- Supplied data

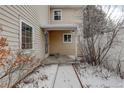 Cozy back patio with a covered porch and snow-covered walkway, great for outdoor relaxation at 2466 S Vaughn Way # A, Aurora, CO 80014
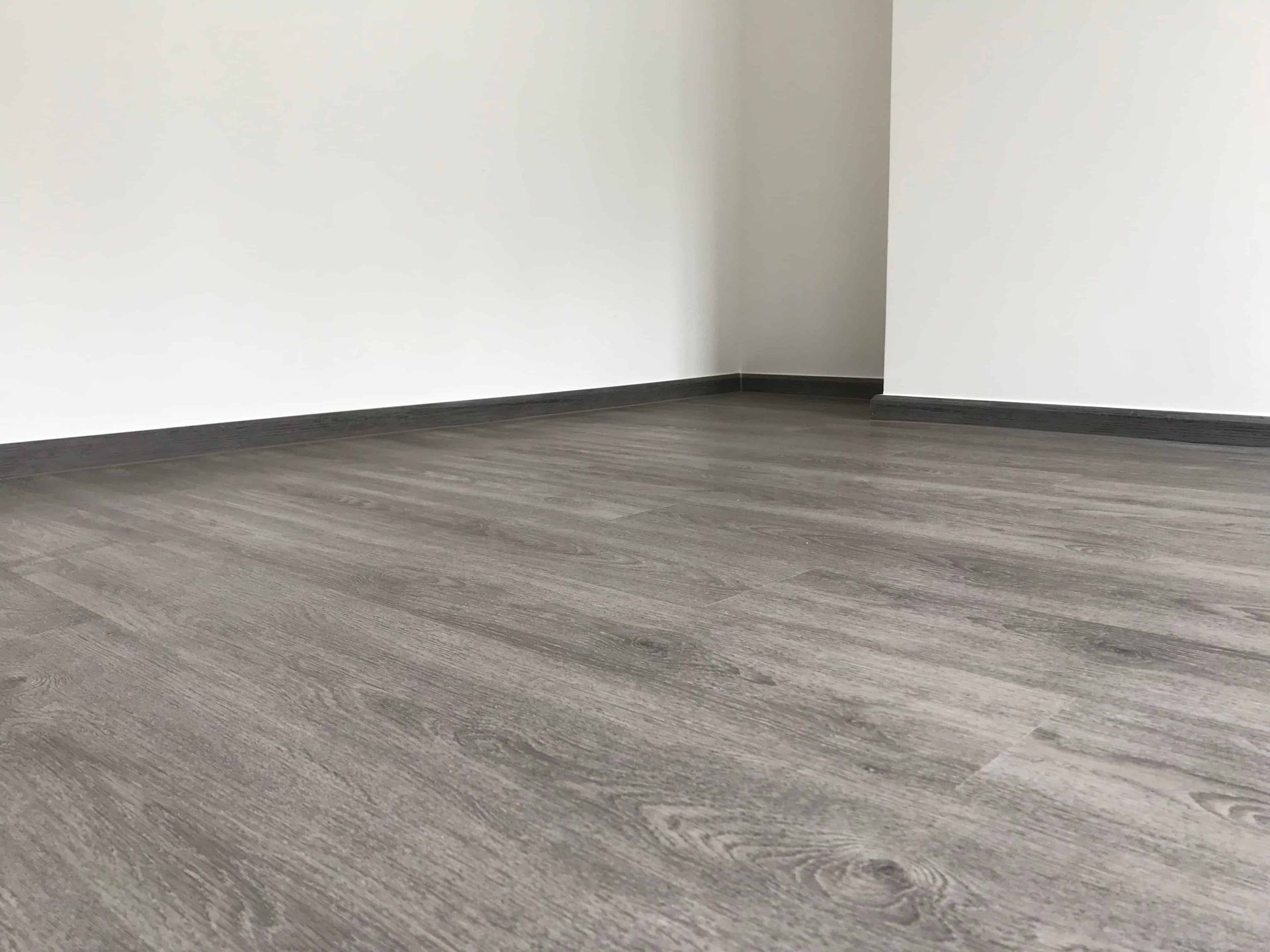 An empty room with a wooden floor and white walls.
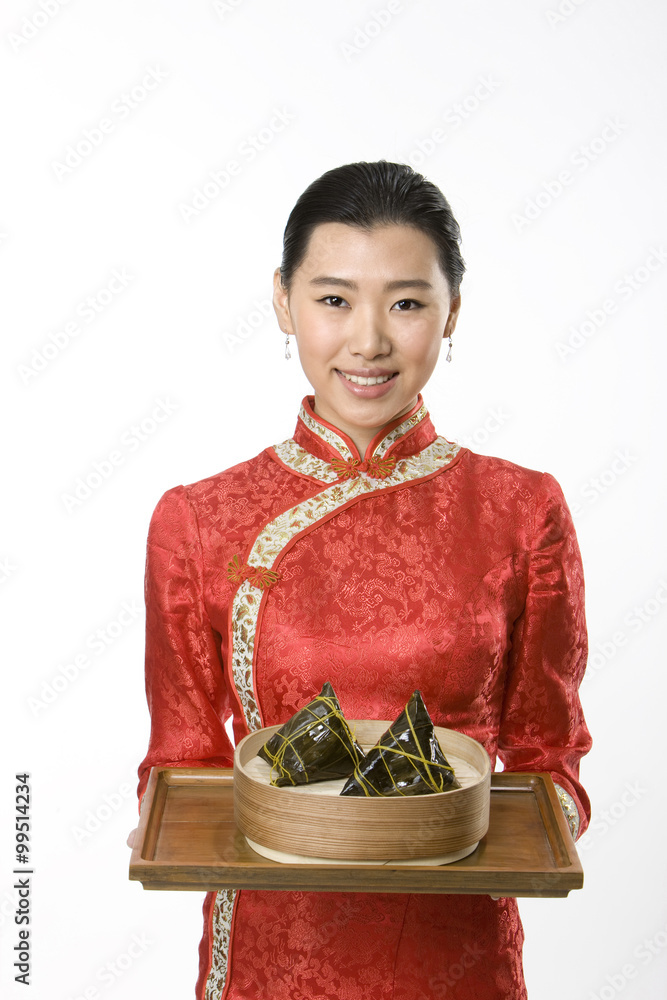 Server Carrying Leaf-Wrapped Dumnplings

- Task item
The answer should be an exact copy of the material, with its pictures removed.

- Answer to this problem
 Cozy back patio with a covered porch and snow-covered walkway, great for outdoor relaxation at 2466 S Vaughn Way # A, Aurora, CO 80014
 An empty room with a wooden floor and white walls.
 Server Carrying Leaf-Wrapped Dumnplings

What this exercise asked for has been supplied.